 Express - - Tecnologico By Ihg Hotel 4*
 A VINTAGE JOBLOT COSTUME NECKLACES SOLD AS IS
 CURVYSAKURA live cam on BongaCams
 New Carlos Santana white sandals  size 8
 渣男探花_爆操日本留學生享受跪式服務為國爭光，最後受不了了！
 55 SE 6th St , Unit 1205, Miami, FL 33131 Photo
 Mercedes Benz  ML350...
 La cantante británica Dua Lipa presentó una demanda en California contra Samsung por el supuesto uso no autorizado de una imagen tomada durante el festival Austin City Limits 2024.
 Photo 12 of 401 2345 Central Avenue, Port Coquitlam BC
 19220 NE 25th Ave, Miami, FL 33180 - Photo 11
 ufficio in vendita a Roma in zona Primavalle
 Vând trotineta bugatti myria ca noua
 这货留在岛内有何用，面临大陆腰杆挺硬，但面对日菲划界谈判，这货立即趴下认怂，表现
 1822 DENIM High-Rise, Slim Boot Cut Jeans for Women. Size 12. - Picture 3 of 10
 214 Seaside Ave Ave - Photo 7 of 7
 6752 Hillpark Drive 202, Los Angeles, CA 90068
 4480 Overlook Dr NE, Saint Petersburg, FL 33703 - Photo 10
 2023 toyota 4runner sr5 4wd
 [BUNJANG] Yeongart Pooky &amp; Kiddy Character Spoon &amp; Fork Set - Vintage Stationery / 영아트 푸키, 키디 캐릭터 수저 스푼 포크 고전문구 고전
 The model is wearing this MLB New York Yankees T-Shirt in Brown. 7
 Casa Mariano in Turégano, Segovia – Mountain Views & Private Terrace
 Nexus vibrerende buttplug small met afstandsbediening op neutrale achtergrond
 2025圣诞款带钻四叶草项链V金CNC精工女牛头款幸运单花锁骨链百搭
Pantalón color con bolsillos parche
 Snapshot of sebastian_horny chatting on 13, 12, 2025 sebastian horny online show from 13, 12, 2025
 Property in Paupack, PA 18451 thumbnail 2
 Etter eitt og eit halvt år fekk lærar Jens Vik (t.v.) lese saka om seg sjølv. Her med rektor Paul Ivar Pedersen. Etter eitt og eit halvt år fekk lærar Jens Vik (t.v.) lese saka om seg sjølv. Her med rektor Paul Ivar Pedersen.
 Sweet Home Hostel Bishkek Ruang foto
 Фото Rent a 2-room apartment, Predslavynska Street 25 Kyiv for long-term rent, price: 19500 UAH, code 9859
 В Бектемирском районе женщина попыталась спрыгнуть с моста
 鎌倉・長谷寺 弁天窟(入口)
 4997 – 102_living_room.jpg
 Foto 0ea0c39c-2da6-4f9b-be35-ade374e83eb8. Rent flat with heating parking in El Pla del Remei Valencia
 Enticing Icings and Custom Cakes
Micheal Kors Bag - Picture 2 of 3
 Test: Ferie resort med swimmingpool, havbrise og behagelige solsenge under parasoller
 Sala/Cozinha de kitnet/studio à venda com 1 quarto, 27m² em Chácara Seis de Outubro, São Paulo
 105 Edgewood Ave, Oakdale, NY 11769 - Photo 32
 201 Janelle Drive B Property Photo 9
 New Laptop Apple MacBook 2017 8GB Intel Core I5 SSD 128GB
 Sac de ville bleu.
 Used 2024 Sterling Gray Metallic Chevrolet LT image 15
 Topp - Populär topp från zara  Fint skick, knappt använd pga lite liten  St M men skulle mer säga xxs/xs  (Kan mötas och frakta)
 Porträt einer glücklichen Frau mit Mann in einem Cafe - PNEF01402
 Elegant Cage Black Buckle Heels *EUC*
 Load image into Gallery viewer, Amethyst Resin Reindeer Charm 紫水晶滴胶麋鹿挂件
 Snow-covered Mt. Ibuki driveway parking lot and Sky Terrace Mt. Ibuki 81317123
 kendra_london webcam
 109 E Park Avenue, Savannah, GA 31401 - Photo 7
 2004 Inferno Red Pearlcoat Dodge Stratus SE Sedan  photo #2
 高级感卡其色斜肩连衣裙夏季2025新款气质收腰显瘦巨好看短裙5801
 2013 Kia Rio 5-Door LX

☆ ☆ ☆ ☆

• **Exercise directions**: Start copying at the line that contains "Topp - Populär" and stop after the last line of the records, keeping every line exactly.

• **Your solution**:
 Topp - Populär topp från zara  Fint skick, knappt använd pga lite liten  St M men skulle mer säga xxs/xs  (Kan mötas och frakta)
 Porträt einer glücklichen Frau mit Mann in einem Cafe - PNEF01402
 Elegant Cage Black Buckle Heels *EUC*
 Load image into Gallery viewer, Amethyst Resin Reindeer Charm 紫水晶滴胶麋鹿挂件
 Snow-covered Mt. Ibuki driveway parking lot and Sky Terrace Mt. Ibuki 81317123
 kendra_london webcam
 109 E Park Avenue, Savannah, GA 31401 - Photo 7
 2004 Inferno Red Pearlcoat Dodge Stratus SE Sedan  photo #2
 高级感卡其色斜肩连衣裙夏季2025新款气质收腰显瘦巨好看短裙5801
 2013 Kia Rio 5-Door LX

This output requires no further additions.